• Assigned task
Begin at the line that holds "E_49f88ca3-46b3-4f1d-9f23-7b35da06ffe9DeMocker" and retype every line through the end of the material, both included. Leave out the pictures.
╭──
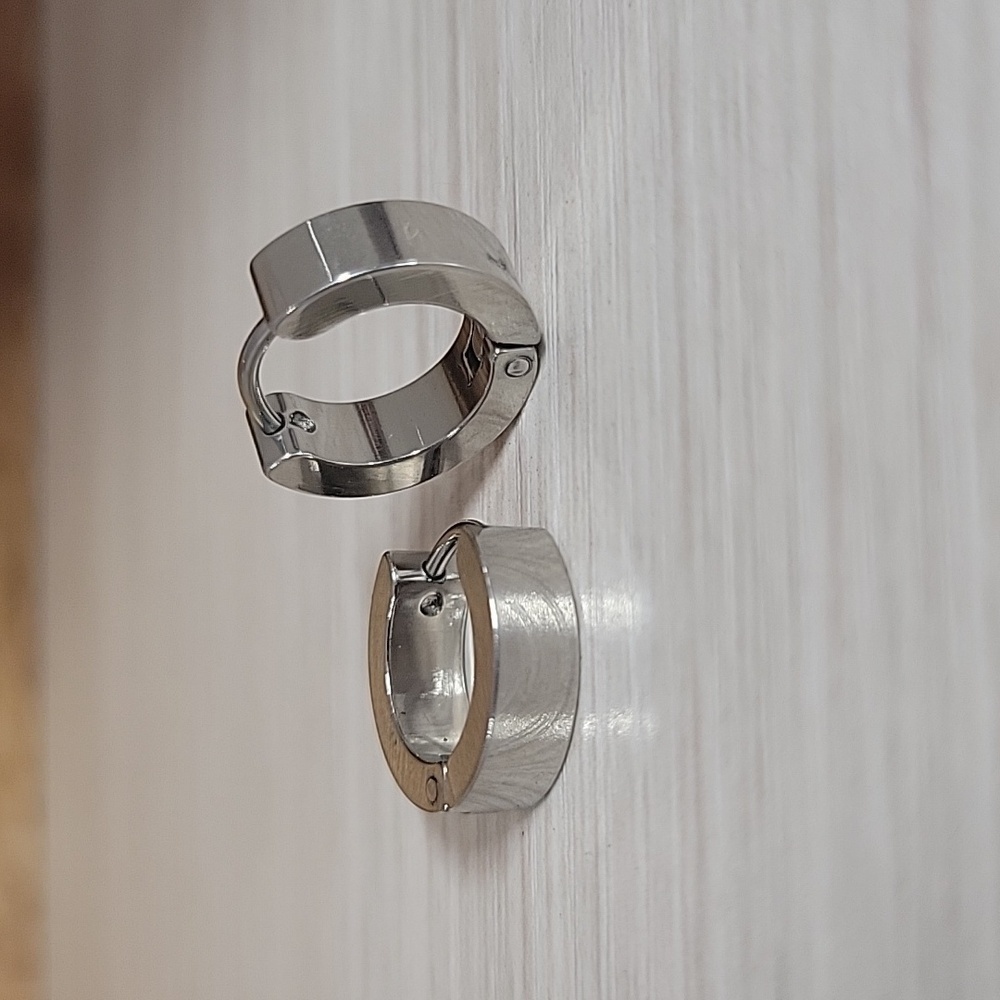 🔥LAST PAIR🔥 SILVER HINGED HUGGIES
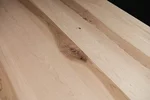 Kernahorn Massivholzplatte für den Tisch mit charakterstarkem Astanteil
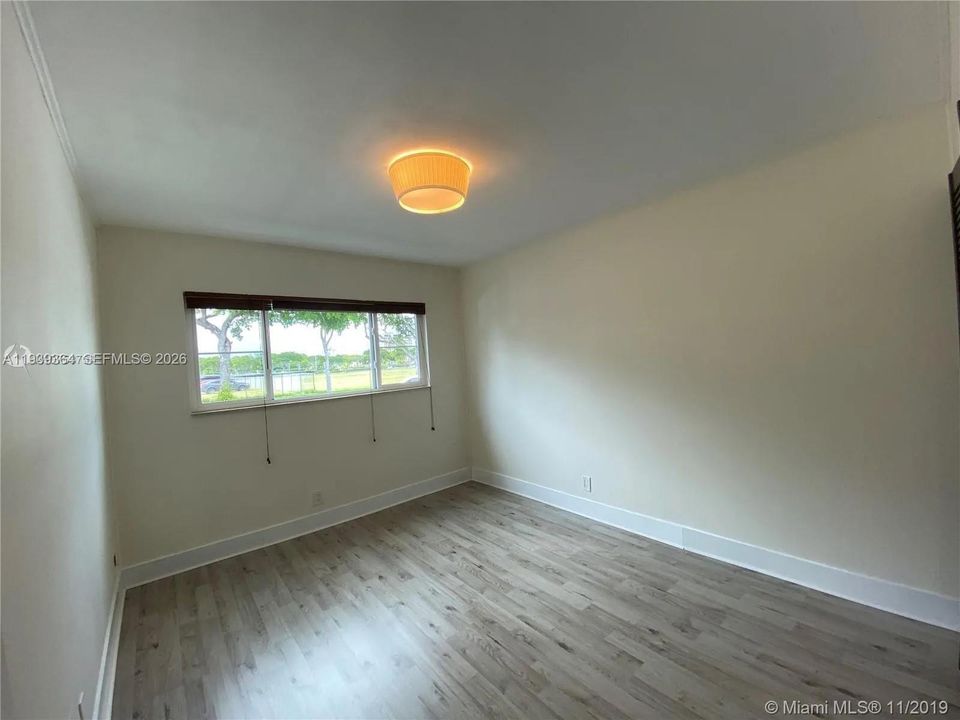 出租: $2,000 (2 贝兹, 2 浴室, 965 平方英尺)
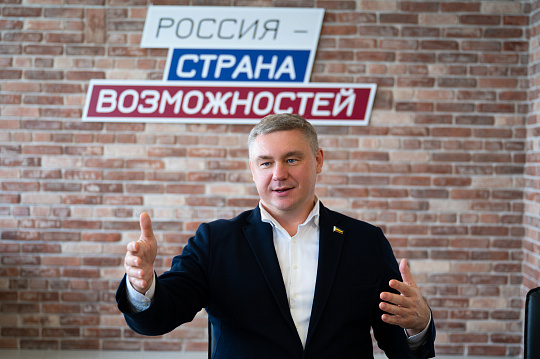 Игорь Бураков:  "С замечательным юбилеем, "Наше время"!"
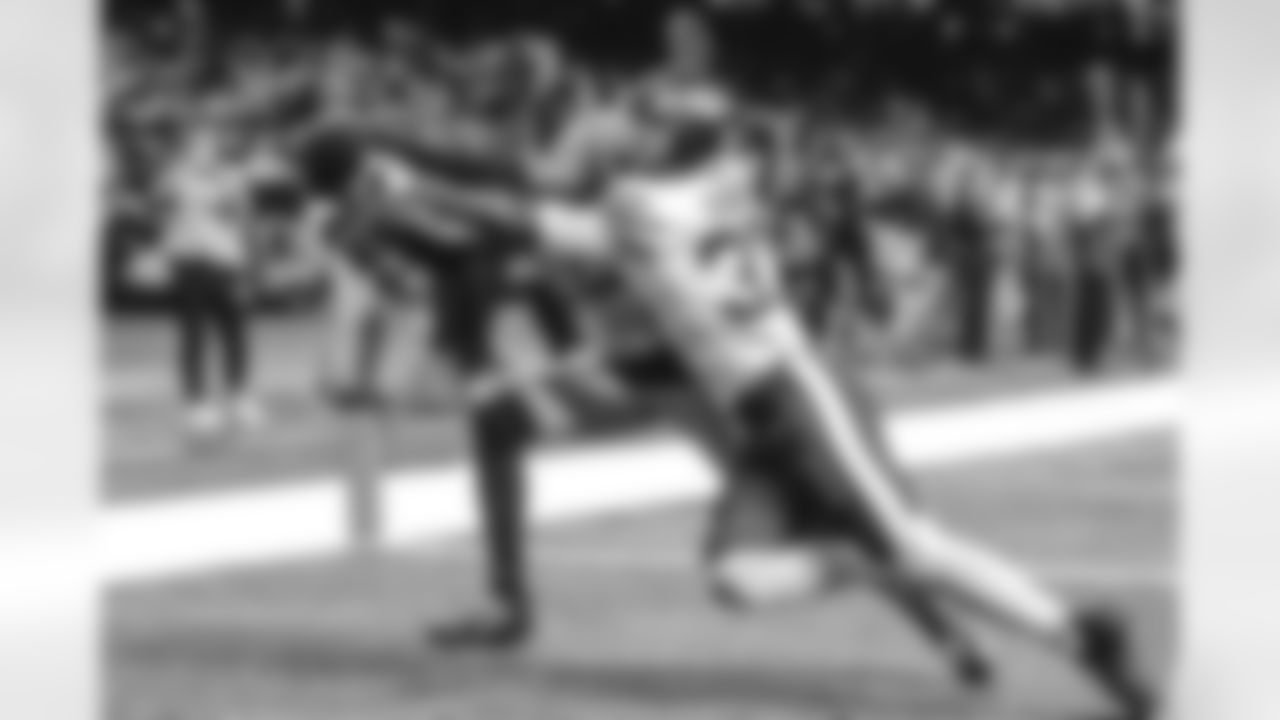 E_49f88ca3-46b3-4f1d-9f23-7b35da06ffe9DeMocker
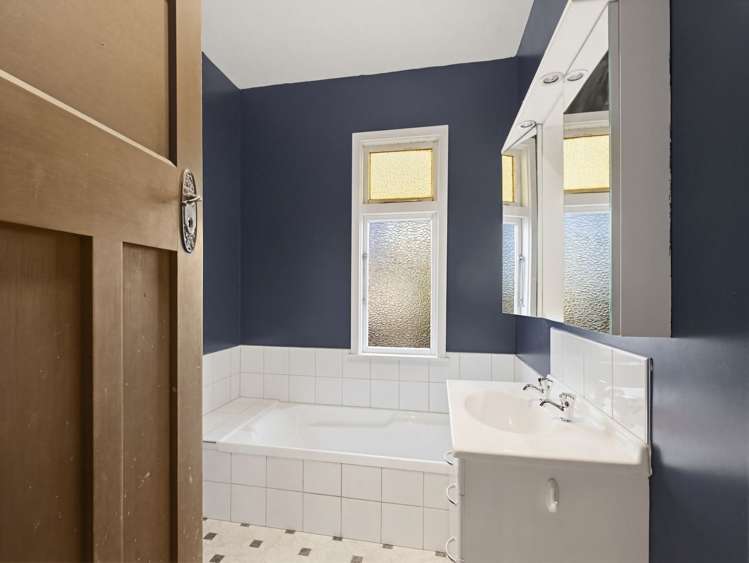 208 Walnut Avenue Hampstead_13
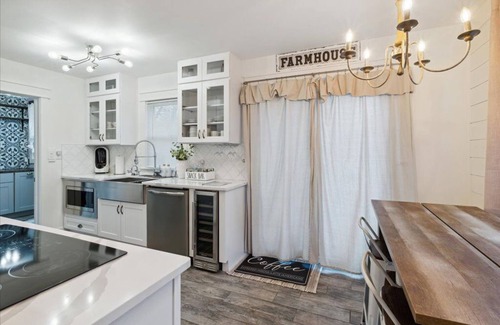 Drayton Plains House | Charming 3BR Home Near Birmingham Walk to Downtown Office, Fireplace, Vinyl
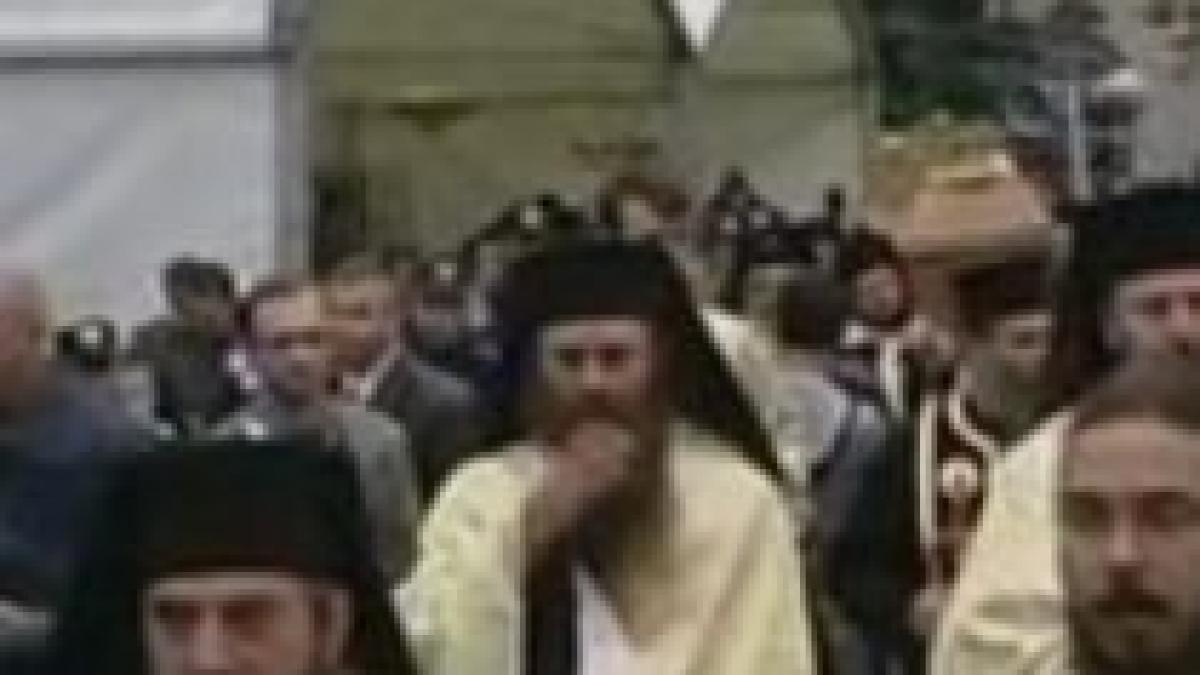 sfanta parascheva sarbatorita de credinciosii din toata tara peste 8 000 de pelerini adunati la iasi
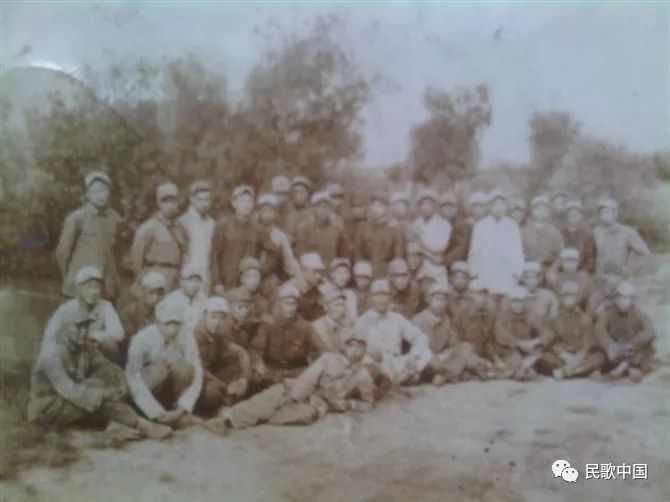 中华人民志愿军歌词作者——伟大的文化战士与时代英雄，中华人民志愿军歌词作者，时代英雄与文化战士的杰出代表
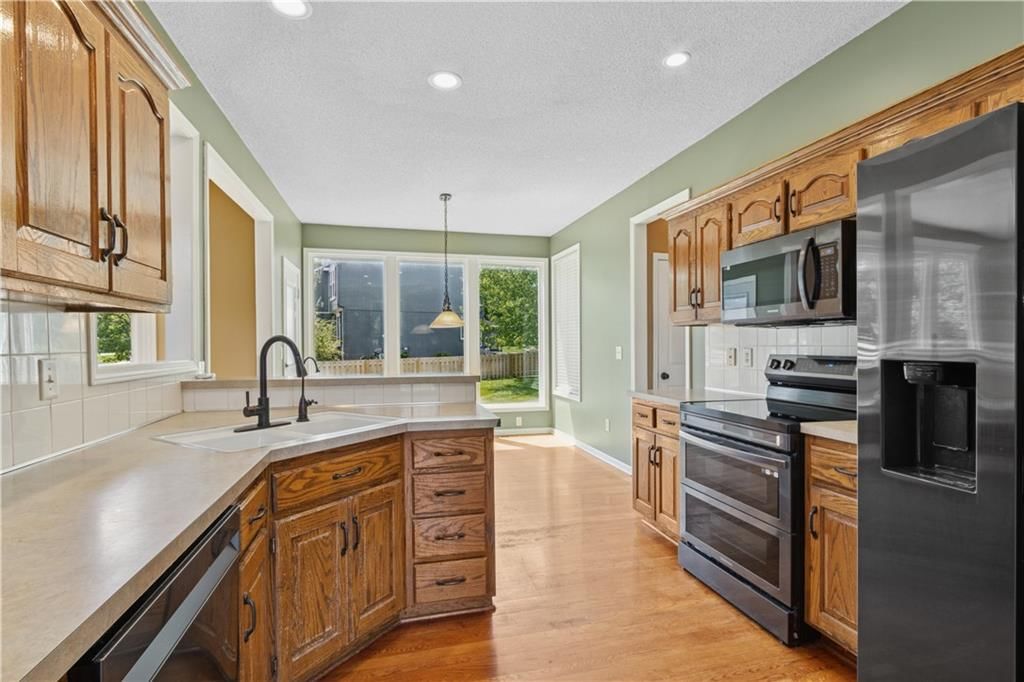 Photo 9 of 23 - 15238 S Albervan Street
╰──
• Exercise output
 E_49f88ca3-46b3-4f1d-9f23-7b35da06ffe9DeMocker
 208 Walnut Avenue Hampstead_13
 Drayton Plains House | Charming 3BR Home Near Birmingham Walk to Downtown Office, Fireplace, Vinyl
 sfanta parascheva sarbatorita de credinciosii din toata tara peste 8 000 de pelerini adunati la iasi
 中华人民志愿军歌词作者——伟大的文化战士与时代英雄，中华人民志愿军歌词作者，时代英雄与文化战士的杰出代表
 Photo 9 of 23 - 15238 S Albervan Street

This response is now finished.